= Sepermeru =

Town in Ancient Egypt

Sepermeru (or Spermeru) was a town in Ancient Egypt, located roughly between Heracleopolis to the north and Oxyrhynchus to the south in what was considered the XIX Upper Egyptian nome.

==Cult center of Set==
During the Ramesside Period of Pharaohs, Sepermeru enjoyed some prominence as both a largely populated religious, military, and administrative center for the XIX Nome. The latter district was situated near the Bahr Yusuf canal, which connected the Nile with the Fayyum region. The meaning of the town's name ("near to the desert") signifies its status as a frontier community and was thus a suitable cult center for the god Seth.
==Temples of Set and Nepthys==
According to the Wilbour Papyrus, by Dynasty XIX there existed two land-owning temple institutions within the main Seth-enclosure at Sepermeru. The larger of these two institutions was the "House of Seth, Lord of Sepermeru," and the smaller a temple dedicated to his consort, Nephthys, and called the "House of Nephthys of Ramesses-Meriamun." It is not known how long the temple of Seth had been established in Sepermeru before Dynasty XIX, but it is evident that the temple of Nephthys was a specific foundation (or refurbishment) of Ramesses II, which dates this particular institution to that Pharaoh's reign (1279-1213 BCE).

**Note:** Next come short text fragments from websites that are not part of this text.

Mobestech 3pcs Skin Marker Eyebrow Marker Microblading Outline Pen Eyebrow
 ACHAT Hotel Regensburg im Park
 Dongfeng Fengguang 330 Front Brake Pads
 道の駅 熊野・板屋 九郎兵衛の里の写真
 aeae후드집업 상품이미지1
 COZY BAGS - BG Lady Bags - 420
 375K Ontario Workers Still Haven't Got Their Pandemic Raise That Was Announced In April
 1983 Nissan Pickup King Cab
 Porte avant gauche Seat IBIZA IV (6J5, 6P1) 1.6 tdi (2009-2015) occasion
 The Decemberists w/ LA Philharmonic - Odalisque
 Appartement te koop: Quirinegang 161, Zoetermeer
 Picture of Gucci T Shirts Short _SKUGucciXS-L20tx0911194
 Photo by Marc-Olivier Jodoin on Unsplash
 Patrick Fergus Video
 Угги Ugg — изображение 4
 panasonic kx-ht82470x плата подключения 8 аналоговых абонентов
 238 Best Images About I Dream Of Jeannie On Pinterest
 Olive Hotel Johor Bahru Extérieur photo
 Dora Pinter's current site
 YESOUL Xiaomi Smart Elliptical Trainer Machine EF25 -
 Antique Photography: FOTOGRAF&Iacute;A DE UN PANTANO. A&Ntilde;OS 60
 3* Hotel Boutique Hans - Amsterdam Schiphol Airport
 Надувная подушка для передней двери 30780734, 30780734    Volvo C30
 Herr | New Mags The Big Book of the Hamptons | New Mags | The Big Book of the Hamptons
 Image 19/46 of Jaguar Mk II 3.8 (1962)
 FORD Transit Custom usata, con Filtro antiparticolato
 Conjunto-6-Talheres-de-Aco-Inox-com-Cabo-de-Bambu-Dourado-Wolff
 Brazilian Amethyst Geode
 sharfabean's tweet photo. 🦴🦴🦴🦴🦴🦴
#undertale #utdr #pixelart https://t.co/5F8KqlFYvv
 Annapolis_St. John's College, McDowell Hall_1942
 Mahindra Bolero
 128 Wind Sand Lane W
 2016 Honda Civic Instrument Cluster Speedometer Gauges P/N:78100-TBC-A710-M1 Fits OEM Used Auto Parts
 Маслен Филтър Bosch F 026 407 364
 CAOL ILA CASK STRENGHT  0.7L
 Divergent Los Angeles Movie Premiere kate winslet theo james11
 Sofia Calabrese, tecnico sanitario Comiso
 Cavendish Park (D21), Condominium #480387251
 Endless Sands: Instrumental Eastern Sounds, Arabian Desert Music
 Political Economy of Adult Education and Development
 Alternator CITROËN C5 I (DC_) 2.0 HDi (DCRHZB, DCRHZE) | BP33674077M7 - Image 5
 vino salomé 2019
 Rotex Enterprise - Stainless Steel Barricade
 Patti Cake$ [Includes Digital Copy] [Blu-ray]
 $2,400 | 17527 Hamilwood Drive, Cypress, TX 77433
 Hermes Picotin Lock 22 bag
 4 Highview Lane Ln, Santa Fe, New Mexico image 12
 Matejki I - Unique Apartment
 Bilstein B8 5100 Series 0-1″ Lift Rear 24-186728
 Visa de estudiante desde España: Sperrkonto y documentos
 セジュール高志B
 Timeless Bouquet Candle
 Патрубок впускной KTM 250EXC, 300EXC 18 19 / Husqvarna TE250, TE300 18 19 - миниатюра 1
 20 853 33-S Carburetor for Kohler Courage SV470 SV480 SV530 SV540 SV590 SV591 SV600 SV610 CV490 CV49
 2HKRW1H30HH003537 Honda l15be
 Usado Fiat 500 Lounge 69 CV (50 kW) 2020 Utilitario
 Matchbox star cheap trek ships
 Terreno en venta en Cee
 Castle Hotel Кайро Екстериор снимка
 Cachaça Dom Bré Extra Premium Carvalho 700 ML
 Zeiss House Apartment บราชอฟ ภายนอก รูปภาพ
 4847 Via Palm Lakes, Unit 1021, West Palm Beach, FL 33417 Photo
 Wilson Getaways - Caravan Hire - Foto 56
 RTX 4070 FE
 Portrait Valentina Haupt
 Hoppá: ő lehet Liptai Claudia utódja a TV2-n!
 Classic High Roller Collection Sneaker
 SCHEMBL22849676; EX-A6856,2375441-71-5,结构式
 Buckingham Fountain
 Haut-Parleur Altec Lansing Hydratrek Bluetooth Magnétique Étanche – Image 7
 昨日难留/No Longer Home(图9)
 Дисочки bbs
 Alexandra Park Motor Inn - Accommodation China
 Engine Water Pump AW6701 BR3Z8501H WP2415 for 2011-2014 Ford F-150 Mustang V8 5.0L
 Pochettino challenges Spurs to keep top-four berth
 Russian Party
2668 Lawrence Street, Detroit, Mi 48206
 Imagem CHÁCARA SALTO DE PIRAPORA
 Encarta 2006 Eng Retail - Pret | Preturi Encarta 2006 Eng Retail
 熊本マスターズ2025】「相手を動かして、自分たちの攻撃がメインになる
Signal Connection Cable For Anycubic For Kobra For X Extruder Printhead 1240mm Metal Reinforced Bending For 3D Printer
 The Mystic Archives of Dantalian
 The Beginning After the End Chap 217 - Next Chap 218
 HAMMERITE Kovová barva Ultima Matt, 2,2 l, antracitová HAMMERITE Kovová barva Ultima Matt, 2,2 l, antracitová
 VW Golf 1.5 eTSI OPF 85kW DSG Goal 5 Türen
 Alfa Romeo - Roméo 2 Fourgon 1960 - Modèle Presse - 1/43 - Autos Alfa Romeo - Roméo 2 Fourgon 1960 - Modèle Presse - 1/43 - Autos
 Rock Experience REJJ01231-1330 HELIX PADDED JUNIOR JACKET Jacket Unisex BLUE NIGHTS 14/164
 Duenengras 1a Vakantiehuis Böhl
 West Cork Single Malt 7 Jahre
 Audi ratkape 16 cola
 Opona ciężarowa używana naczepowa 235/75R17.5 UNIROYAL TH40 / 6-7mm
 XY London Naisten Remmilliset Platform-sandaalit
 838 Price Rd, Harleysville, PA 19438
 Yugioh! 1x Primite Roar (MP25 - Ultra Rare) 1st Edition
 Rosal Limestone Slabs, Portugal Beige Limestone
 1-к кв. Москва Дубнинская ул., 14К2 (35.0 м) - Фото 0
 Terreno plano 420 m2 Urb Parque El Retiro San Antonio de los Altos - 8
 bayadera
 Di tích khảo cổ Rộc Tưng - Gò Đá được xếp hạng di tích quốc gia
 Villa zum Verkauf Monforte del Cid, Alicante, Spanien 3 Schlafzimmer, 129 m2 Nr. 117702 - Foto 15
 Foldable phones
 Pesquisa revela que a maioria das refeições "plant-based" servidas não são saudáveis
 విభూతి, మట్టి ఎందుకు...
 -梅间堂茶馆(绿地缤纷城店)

Both temples (and their respective land-holdings) were apparently under separate administration; the Prophet Huy administered the House of Seth in Dynasty XIX and XX. Yet, as Katary notes, "What cannot be established from the evidence of P. Wilbour is the authority of any particular prophet of the House of Seth over the House of Nephthys," and: "Although Huy may have been the chief administrator of the House of Nephthys as well as his own temple, he was most certainly not in charge of the administration of the...fields of the House of Nephthys, such fields being the responsibility of two prophets of Nephthys, Merybarse...and Penpmer."
==Subsidiary shrines==
There were at least two more subsidiary shrines in Sepermeru in Dynasties XIX and XX: a sanctuary called the "House of Seth, Powerful-is-His-Mighty-Arm," and a cult-place called "The Sunshade of Re-Horakhte". Like the Nephthys temple, these smaller shrines were considered affiliations or dependencies "within the House" (or primary temple enclosure) of Seth, who was supreme "Lord" of the town.
==Decline of the cult of Set==
Sepermeru is perhaps of most interest to modern Egyptologists because of its status as one of the chief ancient Egyptian cult centers of Seth, along with the cities of Ombos, Nagada, and Avaris. It is thought that the cult of Seth waned considerably after Dynasty XX, due to the increasing demonization of this deity and his association with territories and priorities increasingly considered foreign to the general interests of Egypt. Religious and administrative prominence in Nome XIX was duly shifted south to Oxyrhynchus after this time.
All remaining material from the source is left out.